Zwei Stunden nach der Erklärung des endgültig gescheiterten Übernahmeversuchs verkündete Yahoo dann die Zusammenarbeit mit Google. Yahoo will in seiner Suchmaschine Anzeigen von Google platzieren lassen. Diese Werbebanner sollen dem Internetpionier jährlich rund 800 Millionen Dollar in die Kasse spülen. Yahoo hofft zudem, mit der Partnerschaft unzufriedene Großaktionäre zu besänftigen, die sich für einen Verkauf an Microsoft stark gemacht hatten. So hatte sich etwa der US-Milliardär Carl Icahn bei dem Internetportal eingekauft, um Microsoft zu einem Sieg zu verhelfen.

Wie viel bei dem Deal für Google herausspringt, teilten die Unternehmen nicht mit - doch es dürfte sich für den Internetgiganten lohnen, der schon jetzt den Werbemarkt dominiert und bei den Suchanfragen nach Zahlen von Dezember mit einem Anteil von rund 62 Prozent führt. Yahoo steht mit knapp 13 Prozent an zweiter Stelle. Der Markt für Internetwerbung hatte 2007 insgesamt ein Volumen von rund 40 Milliarden Dollar und dürfte nach Schätzungen bis 2010 auf 75 Milliarden anwachsen.

Yahoo hatte die Google-Werbeanzeigen mitten im Abwehrkampf gegen Microsoft bereits getestet: Zwei Wochen lang im April erschien die vom Konkurrenten vermittelte Werbung neben den Suchergebnissen der Yahoo-Suchmaschine. Dabei zeigte sich, dass Yahoo auf diese Weise deutlich mehr Geld verdiente als mit der eigenen Werbeplattform. Die nun vereinbarte Kooperation läuft vier Jahre und kann auf zehn Jahre verlängert werden.

Yahoo und Google fürchten angesichts ihrer gemeinsamen Marktmacht allerdings offenbar Probleme mit den Kartellbehörden. Sie kündigten daher an, die Kooperation zunächst auf die USA und Kanada beschränken zu wollen. Auch soll die Yahoo-Seite weiter für selbst vermarktete Anzeigen offen bleiben.
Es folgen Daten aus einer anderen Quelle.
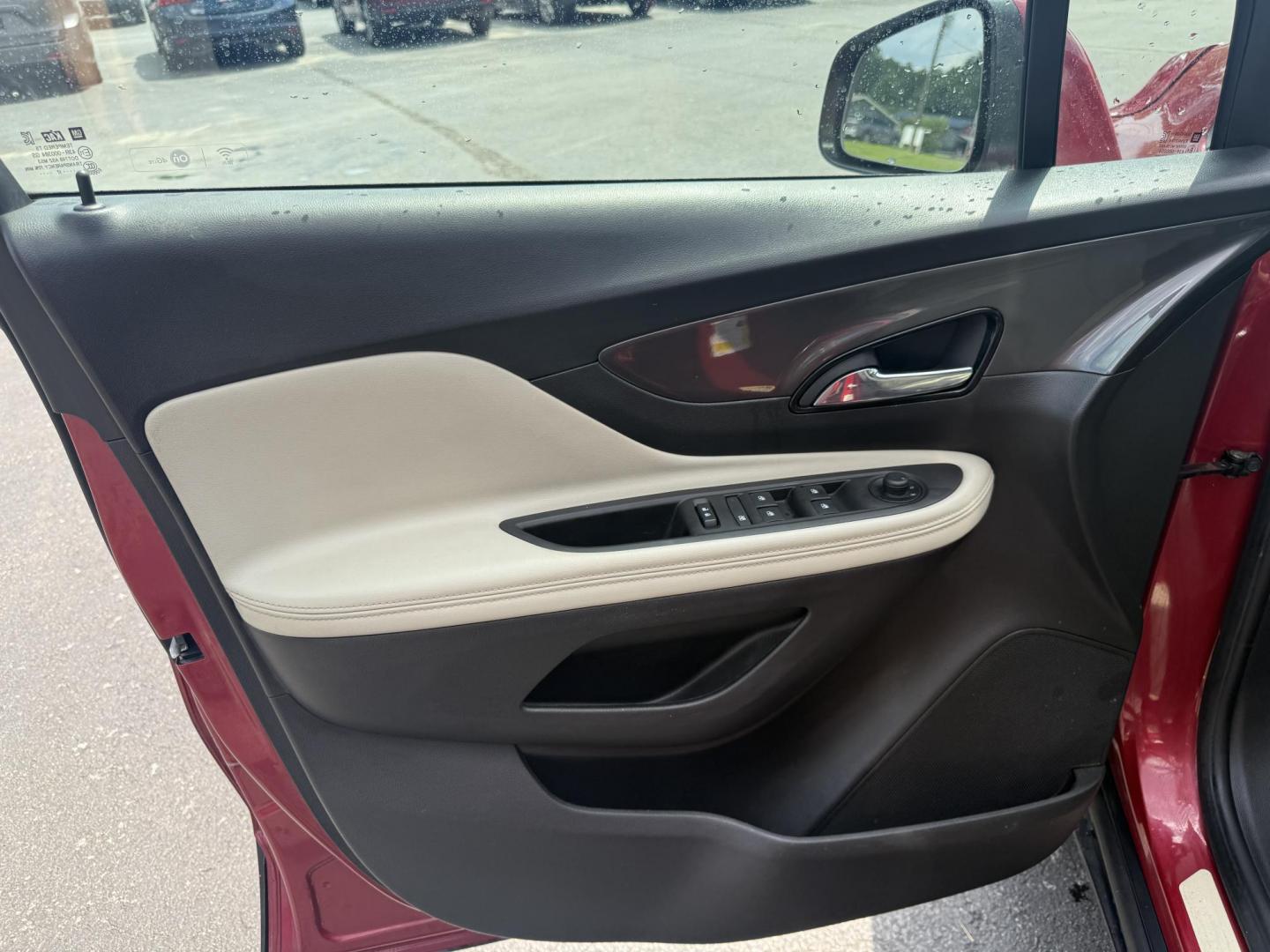 2017 Red /Tan Buick Encore Essence AWD (KL4CJGSBXHB) with an 1.4L I4 DOHC 16V TURBO engine, 6A transmission, located at 547 E. Main St., Orwell, OH, 44076, (440) 437-5893, 41.535435, -80.847855 - This 2017 Buick Encore Essence AWD is a stylish and versatile compact SUV featuring a 1.4-liter turbocharged I4 EcoTec engine paired with a smooth 6-speed automatic transmission, offering a commendable 31 MPG on the highway. Its luxurious leather interior, power driver’s seat, and an 8.0-inch touc - Photo#16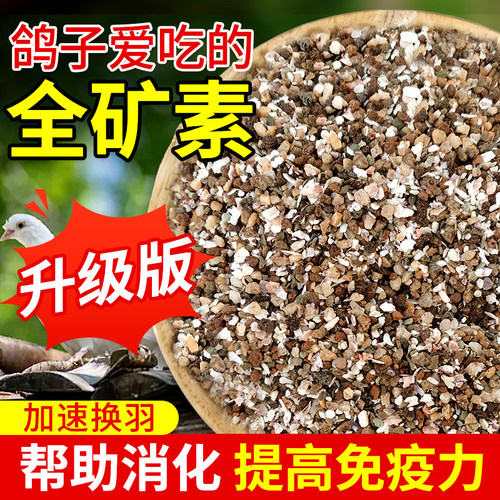 鸽子全矿素补充微量元素提高羽质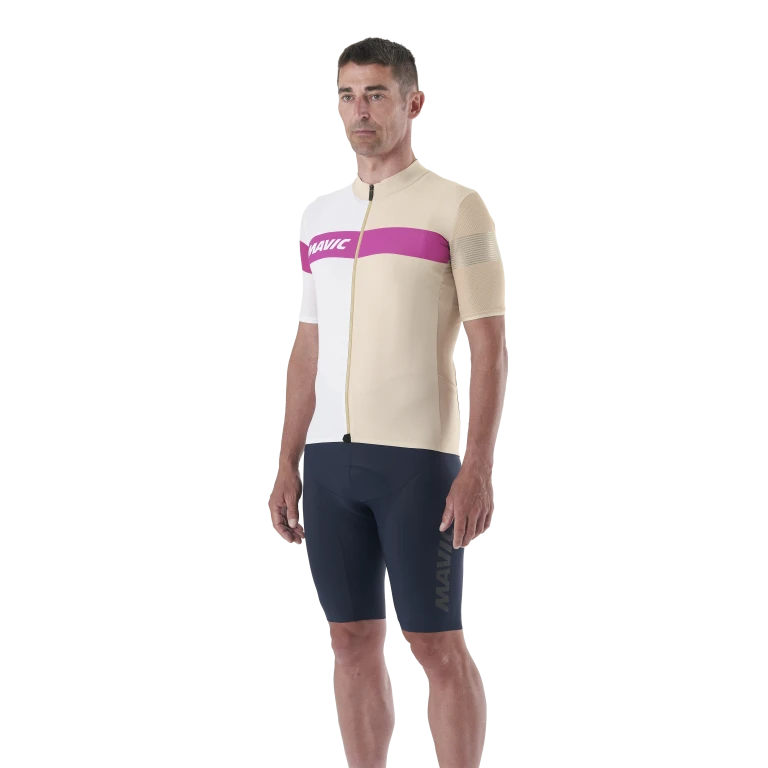 MAVIC KSYRIUM PRO Kortærmet Jersey Beige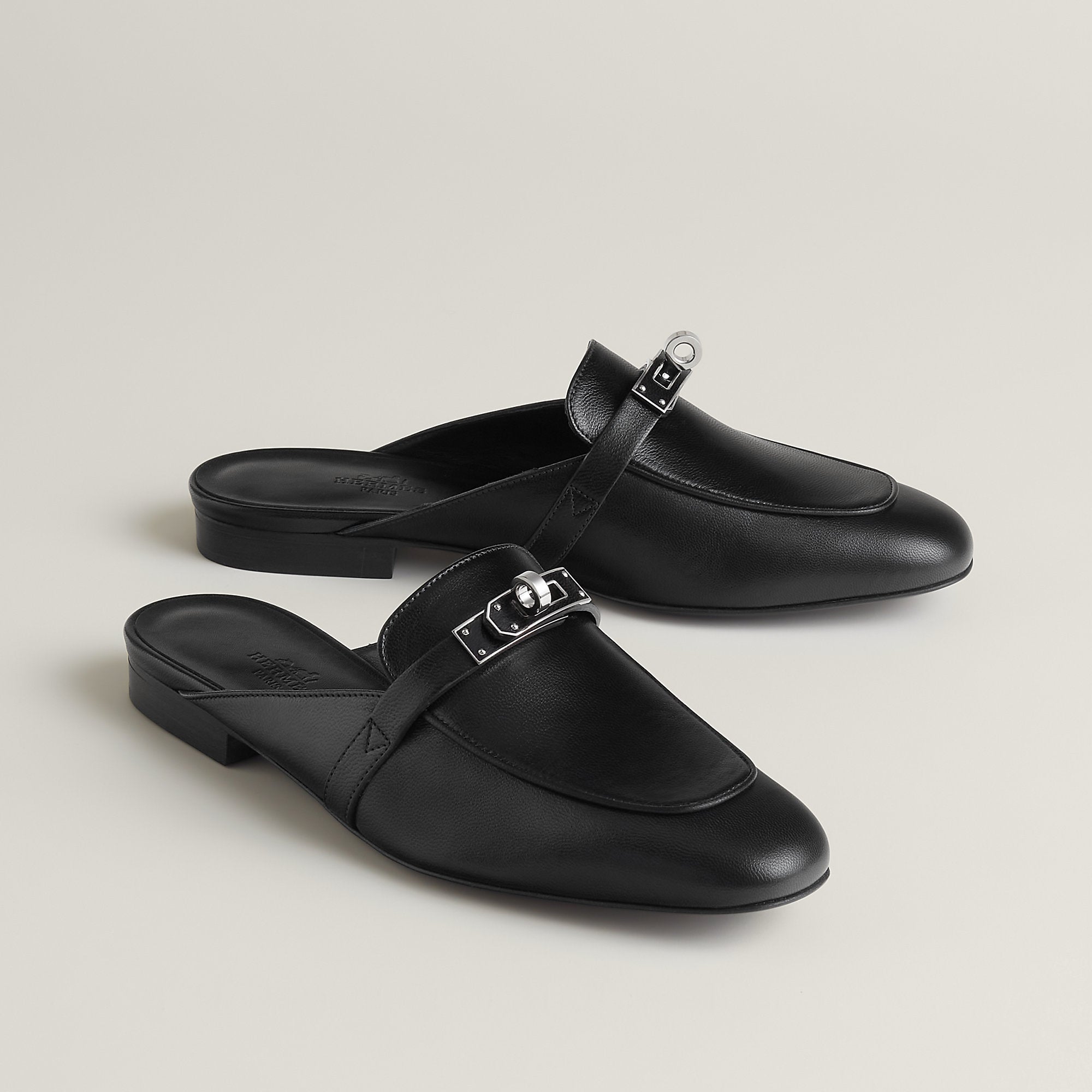  Hermes Oz Mule Noir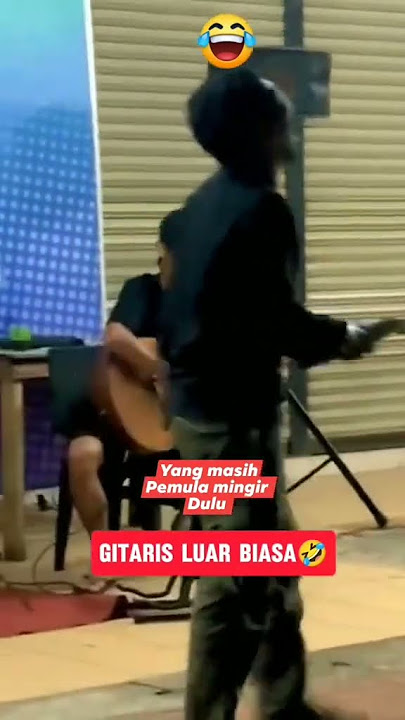 gitaris kocak🤣melody wali - yank‼️bikin lucu✔️ngakak😆 #memelucuuhuhuh #ngakakkocak #lagupop #lucu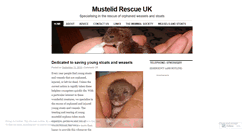 Desktop Screenshot of mustalidrescue.wordpress.com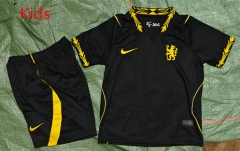 26-27 Chelsea Away Black Kids/Youth Soccer Uniform-9484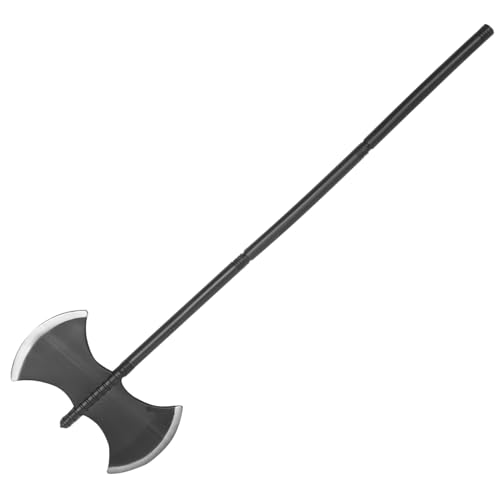 MUCKLILY Halloween Doppelaxt Requisite Leichtes Simuliertes Halloween Kostüm Zubehör Sicher Für Kostümpartys Cosplay Bühnenauftritte MUCKLILY Halloween Doppelaxt Requisite Leichtes Simuliertes Halloween Kostüm Zubehör Sicher Für Kostümpartys Cosplay Bühnenauftritte von MUCKLILY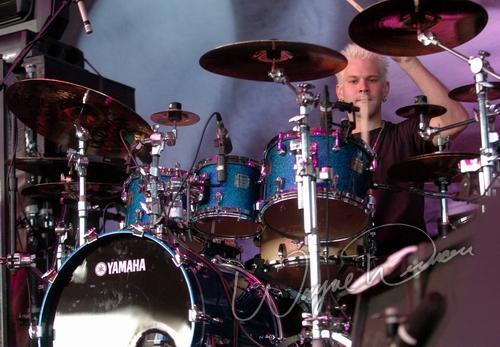 Breaking Benjamin at Germain Amphitheater Columbus, OH on July 23, 2005 &mdash; concert photo by Wayne Dennon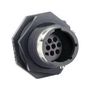 CIRCULAR CONN, RCPT, 10POS, JAM NUT UTGX71210P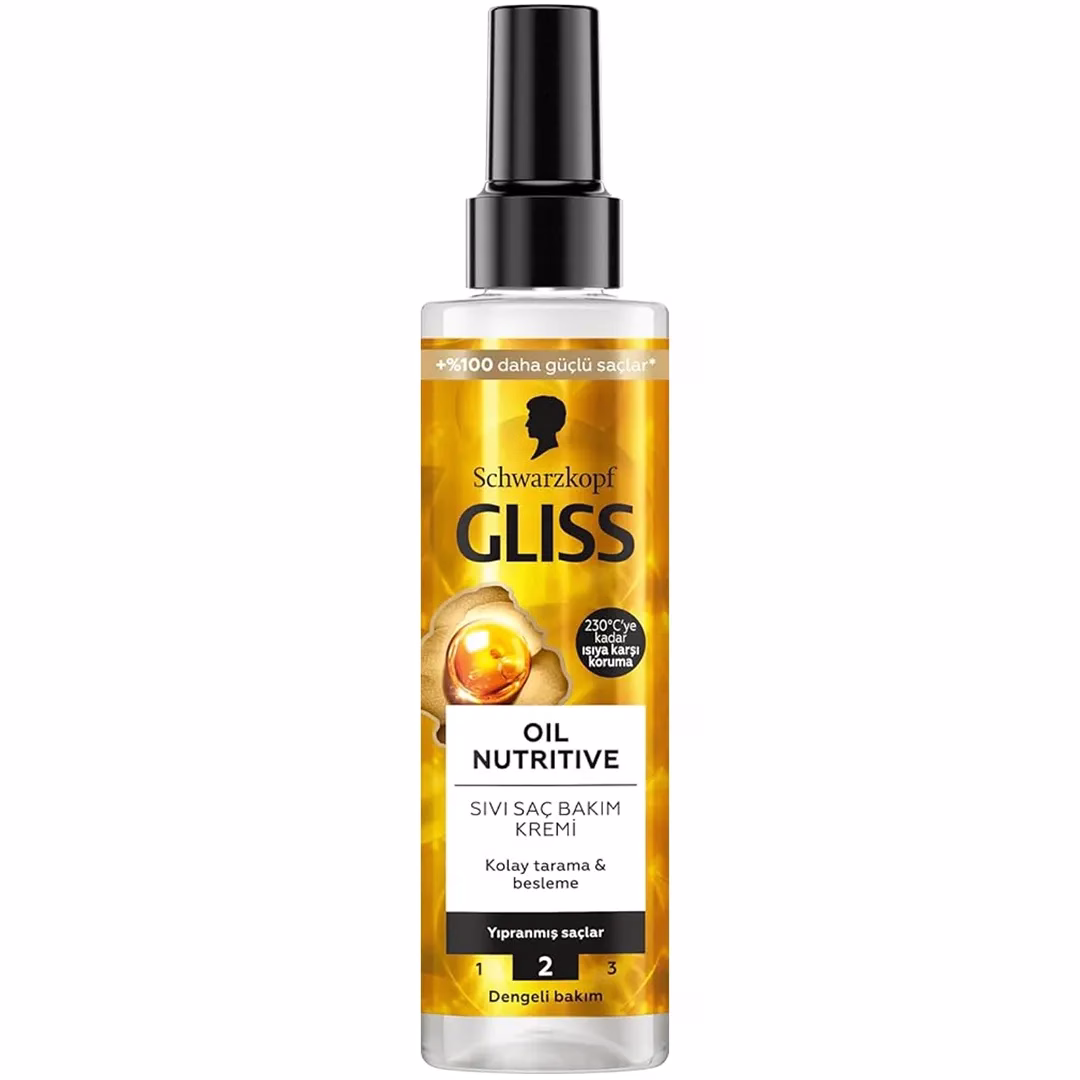 اسپری دو فاز مو گلیس مدل Oil Nutritive حجم 230 میل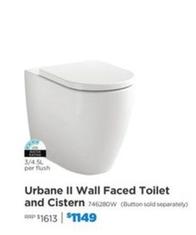 Urbane - Ii Wall Faced Toilet And Cistern offers at $1149 in E&S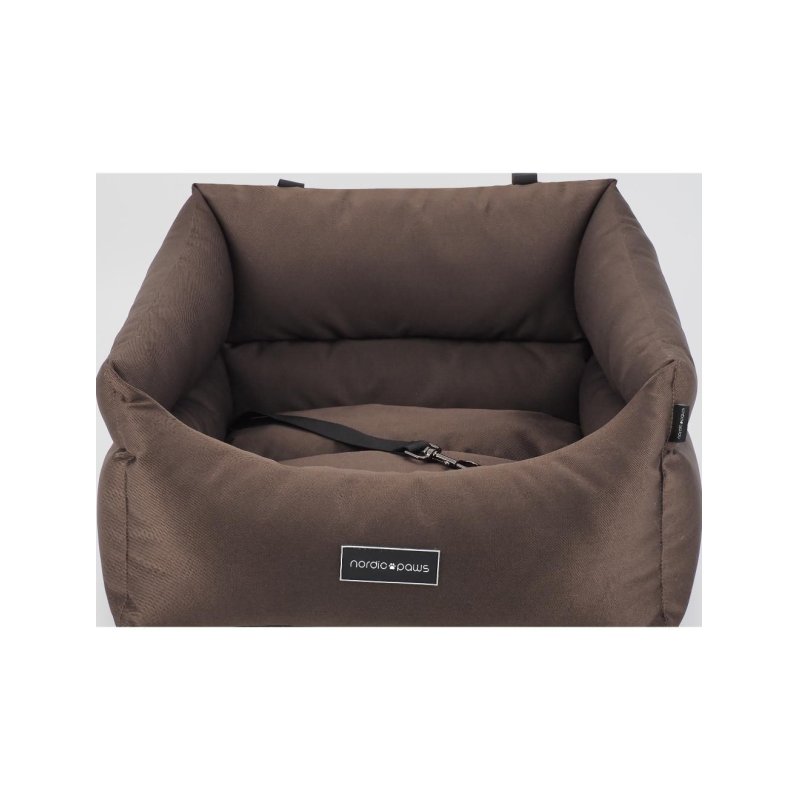 Nordic paws - Berta Carseat - Brown - 50 x 45 x 30 cm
Die Vorbereitungen der neuen Allianz von Yahoo und Google liefen teilweise offenbar sehr konspirativ ab: "Die unterhaltsamsten Gespräche waren diejenigen in Gebäuden von Yahoo an unbekannten und unauffindbaren Orten", erzählte Google-Chef Eric Schmidt. Demnach fuhren Google-Gründer Larry Page und andere Manager außerdem per Fahrrad zu den geheimen Treffen. Google-Mitbegründer Serge Brin bezeichnete es als "sehr aufregend", mit den Yahoo-Gründern David Filo und Jerry Yang zusammenzuarbeiten - mit ihnen hatte er an der Eliteuniversität Stanford kurzzeitig gemeinsam studiert.